Libération
Jeudi 14 juin 2001, page 18

Selon Thomas Piketty, les taux d'imposition ne sont pas trop hauts:
«Il eût mieux valu ne rien faire»

Thomas Piketty est directeur d'études à l'Ecole des hautes études en sciences sociales (EHESS) et auteur d'un rapport sur les inégalités publié aujourd'hui par le Conseil d'analyse économique (lire ci-dessus).

Vous expliquez que la mise en place de l'impôt sur le revenu a contribué à limiter les inégalités dans la deuxième moitié du siècle. De ce point de vue, la baisse des taux supérieurs de l'IR programmés par le gouvernement se justifie-t-elle ?

A force d'avoir le nez dans le guidon, on oublie à quel point les taux supérieurs de l'impôt sur le revenu sont aujourd'hui faibles. Des années 1940 aux années 1960, ils étaient de 91 % aux Etats-Unis et de 60 à 70 % en France. Cela n'a pas, que je sache, tué les Trente Glorieuses. Des taux d'imposition élevés ne sont un problème économique qu'en cas d'absence de coordination politique. En France, l'actuel taux marginal supérieur de 54 % est l'un des plus faibles pratiqués depuis les années 20. Le gouvernement Jospin a choisi de le ramener en trois ans de 54 % à 52,5 %. Cette baisse peut sembler insignifiante, et l'est d'ailleurs sur le plan financier. En revanche, il faut s'interroger sur l'orientation politique d'une telle décision : c'est la première fois qu'un gouvernement socialiste prend une initiative de ce type, et personne ne sait jusqu'où cela nous mènera.

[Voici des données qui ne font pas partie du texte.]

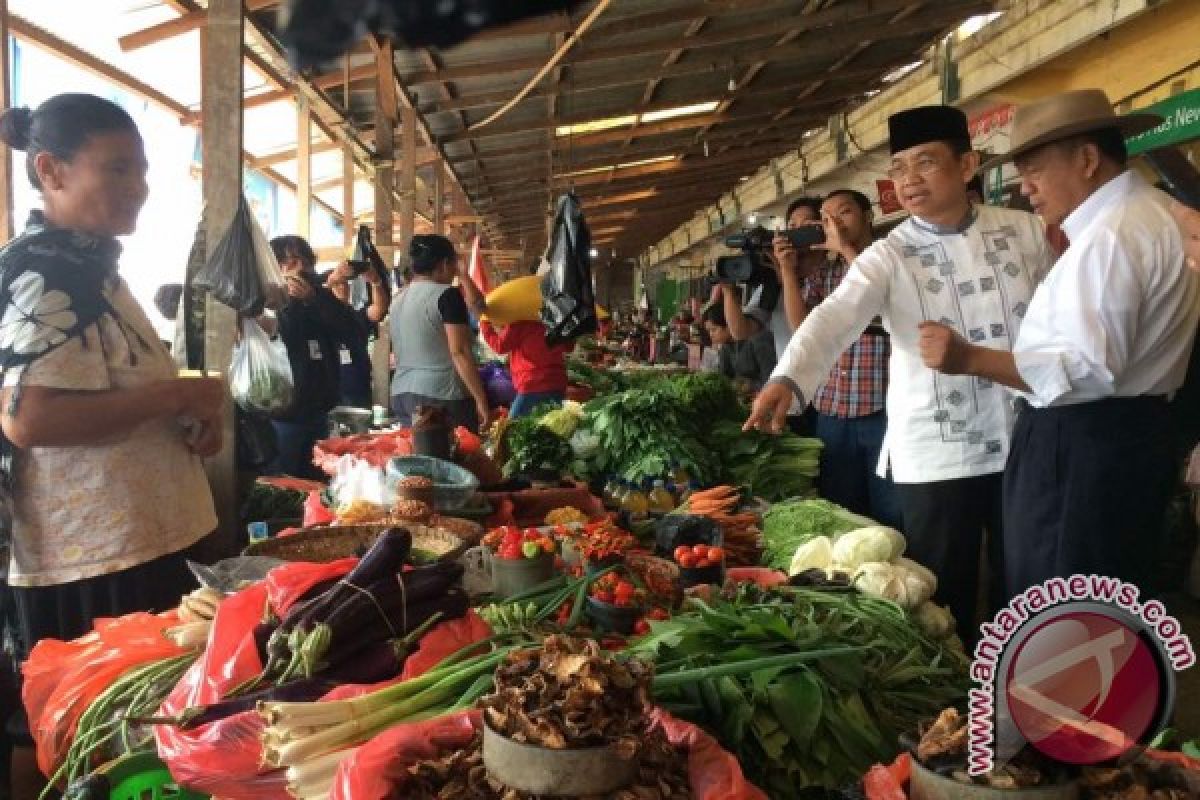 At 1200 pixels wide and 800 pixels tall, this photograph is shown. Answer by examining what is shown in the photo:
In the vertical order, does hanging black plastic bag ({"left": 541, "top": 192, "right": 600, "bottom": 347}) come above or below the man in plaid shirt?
above

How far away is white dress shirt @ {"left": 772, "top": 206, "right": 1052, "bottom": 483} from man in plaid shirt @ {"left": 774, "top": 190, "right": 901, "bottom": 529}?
855 millimetres

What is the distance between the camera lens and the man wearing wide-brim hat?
2.30 metres

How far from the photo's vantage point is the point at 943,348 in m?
2.42

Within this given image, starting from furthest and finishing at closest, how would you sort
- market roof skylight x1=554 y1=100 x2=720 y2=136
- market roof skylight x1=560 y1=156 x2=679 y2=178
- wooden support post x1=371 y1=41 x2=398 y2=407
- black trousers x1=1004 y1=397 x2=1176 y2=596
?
1. market roof skylight x1=560 y1=156 x2=679 y2=178
2. market roof skylight x1=554 y1=100 x2=720 y2=136
3. wooden support post x1=371 y1=41 x2=398 y2=407
4. black trousers x1=1004 y1=397 x2=1176 y2=596

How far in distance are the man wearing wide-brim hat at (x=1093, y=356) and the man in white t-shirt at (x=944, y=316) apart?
30cm

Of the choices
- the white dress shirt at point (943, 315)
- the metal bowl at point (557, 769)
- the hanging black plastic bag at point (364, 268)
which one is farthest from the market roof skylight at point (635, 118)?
the metal bowl at point (557, 769)

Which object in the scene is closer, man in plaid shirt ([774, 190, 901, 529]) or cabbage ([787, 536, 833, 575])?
cabbage ([787, 536, 833, 575])

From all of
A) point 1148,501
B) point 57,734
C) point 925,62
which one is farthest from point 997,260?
point 925,62

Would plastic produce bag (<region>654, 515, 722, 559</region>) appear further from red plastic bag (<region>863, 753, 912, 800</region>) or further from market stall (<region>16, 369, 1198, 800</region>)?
red plastic bag (<region>863, 753, 912, 800</region>)

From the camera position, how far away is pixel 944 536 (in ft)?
9.63

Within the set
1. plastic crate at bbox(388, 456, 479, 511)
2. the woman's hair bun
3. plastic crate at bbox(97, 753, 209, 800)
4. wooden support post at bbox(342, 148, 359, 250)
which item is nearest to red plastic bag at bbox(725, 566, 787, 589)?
plastic crate at bbox(388, 456, 479, 511)

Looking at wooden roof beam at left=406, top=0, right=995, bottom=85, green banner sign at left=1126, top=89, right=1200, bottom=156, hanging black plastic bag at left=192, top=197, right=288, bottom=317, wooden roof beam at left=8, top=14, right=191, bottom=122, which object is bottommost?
hanging black plastic bag at left=192, top=197, right=288, bottom=317

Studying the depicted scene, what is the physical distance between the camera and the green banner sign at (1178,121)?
4961 millimetres

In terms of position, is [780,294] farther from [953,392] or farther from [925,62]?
[925,62] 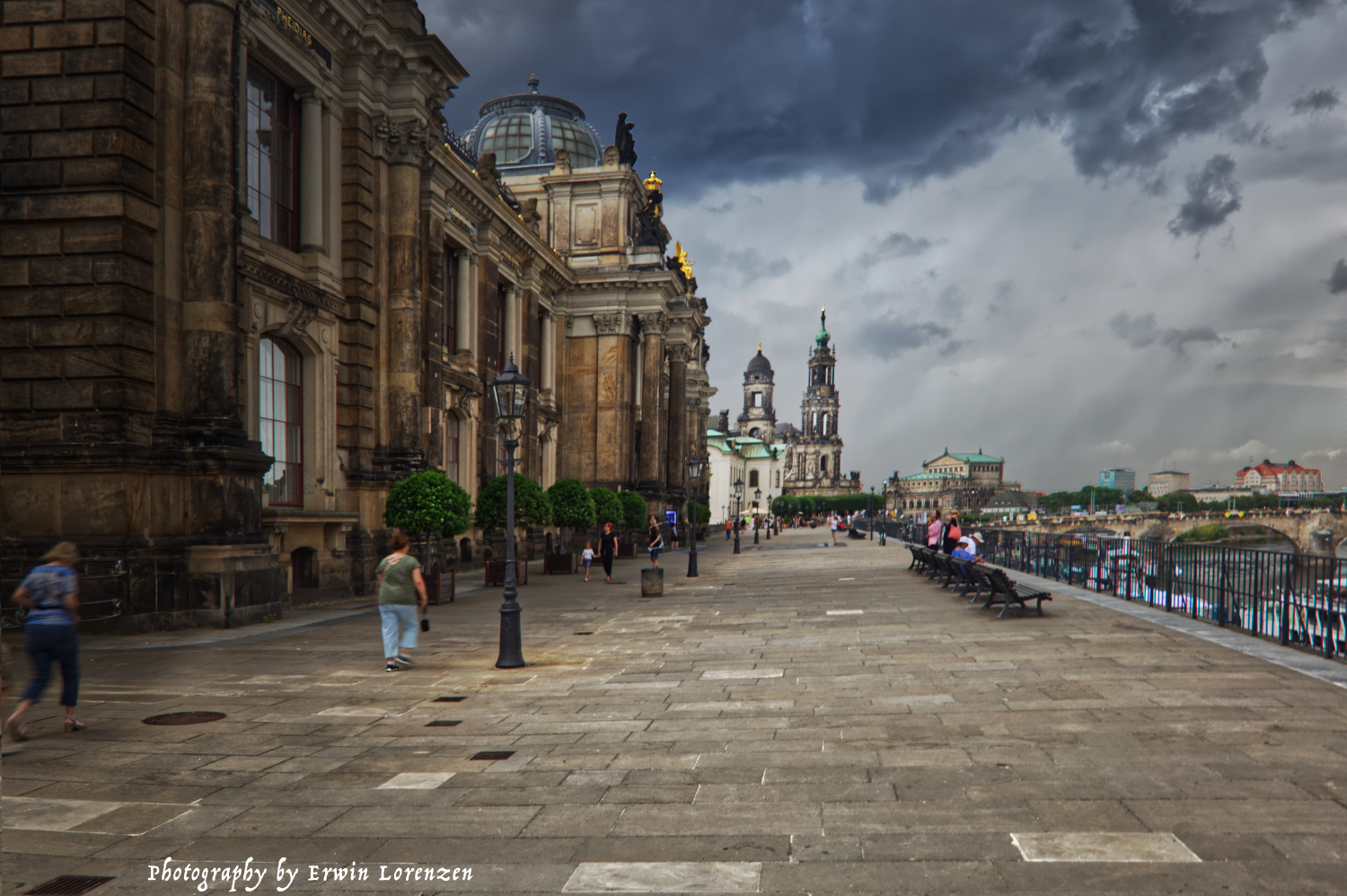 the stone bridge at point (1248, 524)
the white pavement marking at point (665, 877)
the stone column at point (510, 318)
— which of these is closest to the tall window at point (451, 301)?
the stone column at point (510, 318)

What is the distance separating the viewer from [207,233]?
17.4m

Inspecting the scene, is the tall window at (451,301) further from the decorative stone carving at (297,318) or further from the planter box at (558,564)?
the decorative stone carving at (297,318)

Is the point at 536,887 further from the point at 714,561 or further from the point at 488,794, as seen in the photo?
the point at 714,561

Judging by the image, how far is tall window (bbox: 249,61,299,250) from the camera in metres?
21.6

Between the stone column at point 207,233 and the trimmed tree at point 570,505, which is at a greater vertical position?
the stone column at point 207,233

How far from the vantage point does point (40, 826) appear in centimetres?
614

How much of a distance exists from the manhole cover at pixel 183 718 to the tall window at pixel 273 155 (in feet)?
49.0

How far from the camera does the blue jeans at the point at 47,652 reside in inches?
332

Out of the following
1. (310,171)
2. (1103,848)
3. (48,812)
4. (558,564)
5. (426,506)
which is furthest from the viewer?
(558,564)

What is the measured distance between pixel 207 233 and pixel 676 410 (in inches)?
1747

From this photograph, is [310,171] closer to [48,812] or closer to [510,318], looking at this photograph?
[510,318]

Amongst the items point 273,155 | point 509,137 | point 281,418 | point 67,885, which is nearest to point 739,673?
point 67,885

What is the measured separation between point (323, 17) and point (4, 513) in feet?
45.6

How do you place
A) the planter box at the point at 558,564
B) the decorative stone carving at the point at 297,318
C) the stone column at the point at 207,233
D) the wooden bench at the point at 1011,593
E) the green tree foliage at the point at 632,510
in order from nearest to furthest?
the wooden bench at the point at 1011,593
the stone column at the point at 207,233
the decorative stone carving at the point at 297,318
the planter box at the point at 558,564
the green tree foliage at the point at 632,510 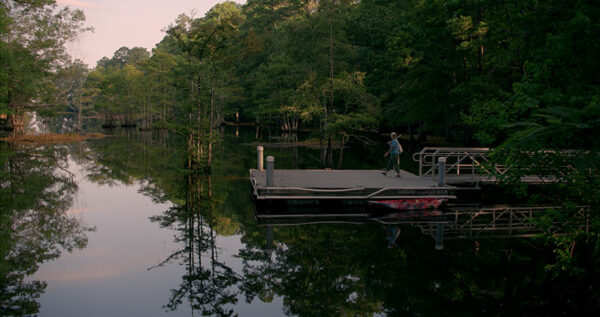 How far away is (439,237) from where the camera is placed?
12031 millimetres

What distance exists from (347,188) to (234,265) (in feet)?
20.4

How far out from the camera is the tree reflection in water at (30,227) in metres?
8.21

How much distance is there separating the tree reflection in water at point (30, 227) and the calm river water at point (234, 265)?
0.15 ft

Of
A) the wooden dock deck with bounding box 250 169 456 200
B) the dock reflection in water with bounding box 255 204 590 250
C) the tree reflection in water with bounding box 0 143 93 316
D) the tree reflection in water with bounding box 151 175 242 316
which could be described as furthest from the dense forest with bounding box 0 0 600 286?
the tree reflection in water with bounding box 0 143 93 316

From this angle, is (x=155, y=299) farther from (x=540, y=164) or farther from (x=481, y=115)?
(x=481, y=115)

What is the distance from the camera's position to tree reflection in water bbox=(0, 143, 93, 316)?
8.21 metres

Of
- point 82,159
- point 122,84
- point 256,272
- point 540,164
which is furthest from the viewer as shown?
point 122,84

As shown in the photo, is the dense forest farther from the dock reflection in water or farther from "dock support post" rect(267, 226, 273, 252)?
"dock support post" rect(267, 226, 273, 252)

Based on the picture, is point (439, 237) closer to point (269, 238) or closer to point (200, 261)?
point (269, 238)

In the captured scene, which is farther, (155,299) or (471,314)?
(155,299)

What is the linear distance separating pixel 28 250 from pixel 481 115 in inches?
463

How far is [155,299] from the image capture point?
8055 mm

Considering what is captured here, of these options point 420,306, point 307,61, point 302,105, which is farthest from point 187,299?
point 307,61

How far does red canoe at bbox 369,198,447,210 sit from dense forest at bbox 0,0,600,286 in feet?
10.6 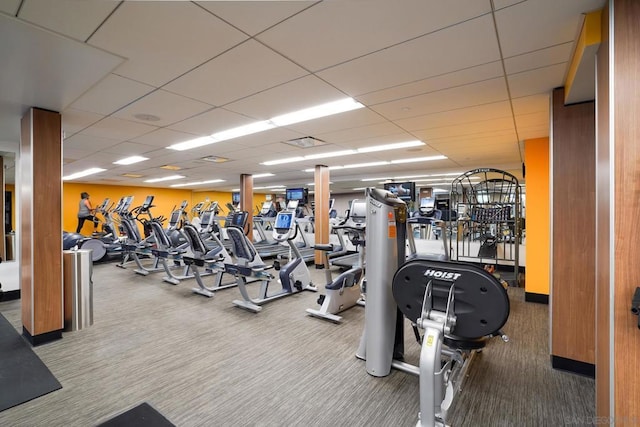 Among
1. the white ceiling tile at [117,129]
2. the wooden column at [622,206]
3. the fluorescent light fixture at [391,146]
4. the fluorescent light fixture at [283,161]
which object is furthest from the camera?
the fluorescent light fixture at [283,161]

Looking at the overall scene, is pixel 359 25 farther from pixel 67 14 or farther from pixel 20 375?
pixel 20 375

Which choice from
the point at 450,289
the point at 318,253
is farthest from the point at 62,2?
the point at 318,253

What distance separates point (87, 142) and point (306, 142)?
3.52 metres

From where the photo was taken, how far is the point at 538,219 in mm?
4133

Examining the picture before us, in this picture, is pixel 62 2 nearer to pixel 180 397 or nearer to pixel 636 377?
pixel 180 397

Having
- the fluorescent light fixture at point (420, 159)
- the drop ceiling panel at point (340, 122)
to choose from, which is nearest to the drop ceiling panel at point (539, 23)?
the drop ceiling panel at point (340, 122)

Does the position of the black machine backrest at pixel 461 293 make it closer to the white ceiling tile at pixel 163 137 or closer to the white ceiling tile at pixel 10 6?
the white ceiling tile at pixel 10 6

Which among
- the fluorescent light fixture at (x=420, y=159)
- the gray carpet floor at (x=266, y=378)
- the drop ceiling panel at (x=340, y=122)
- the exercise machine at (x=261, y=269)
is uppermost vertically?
the fluorescent light fixture at (x=420, y=159)

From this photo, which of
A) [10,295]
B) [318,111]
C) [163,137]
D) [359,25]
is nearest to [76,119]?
[163,137]

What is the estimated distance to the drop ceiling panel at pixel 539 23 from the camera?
61.7 inches

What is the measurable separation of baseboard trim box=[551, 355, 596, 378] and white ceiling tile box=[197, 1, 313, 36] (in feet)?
11.0

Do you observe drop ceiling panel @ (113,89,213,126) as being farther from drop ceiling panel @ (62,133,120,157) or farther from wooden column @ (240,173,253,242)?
wooden column @ (240,173,253,242)

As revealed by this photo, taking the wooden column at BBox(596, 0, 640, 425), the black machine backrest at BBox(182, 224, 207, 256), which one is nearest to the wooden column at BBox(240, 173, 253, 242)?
the black machine backrest at BBox(182, 224, 207, 256)

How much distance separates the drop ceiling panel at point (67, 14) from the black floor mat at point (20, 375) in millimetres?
2582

Les Etats-Unis s'engagent pourtant dans cette voie. Si elle veut résister à la concurrence fiscale internationale, la France n'est-elle pas obligée de suivre ?

La France doit convaincre les membres de l'Union européenne de ne pas s'engager dans une course-poursuite sans fin avec les pays anglo-saxons. Le président Bush veut non seulement abaisser de nouveau les taux supérieurs de l'IR mais aussi supprimer l'impôt sur les successions. Autrement dit, les Etats-Unis vont restaurer les possibilités d'accumulation et de concentration du patrimoine. A terme, une classe de rentiers devrait se reconstituer outre-Atlantique. Il y a quelque chose de profondément malsain dans cette situation. Une absence de coordination fiscale en Europe augurerait mal de l'avenir.

Pouvait-on faire autre chose qu'une baisse des taux de l'impôt sur le revenu ?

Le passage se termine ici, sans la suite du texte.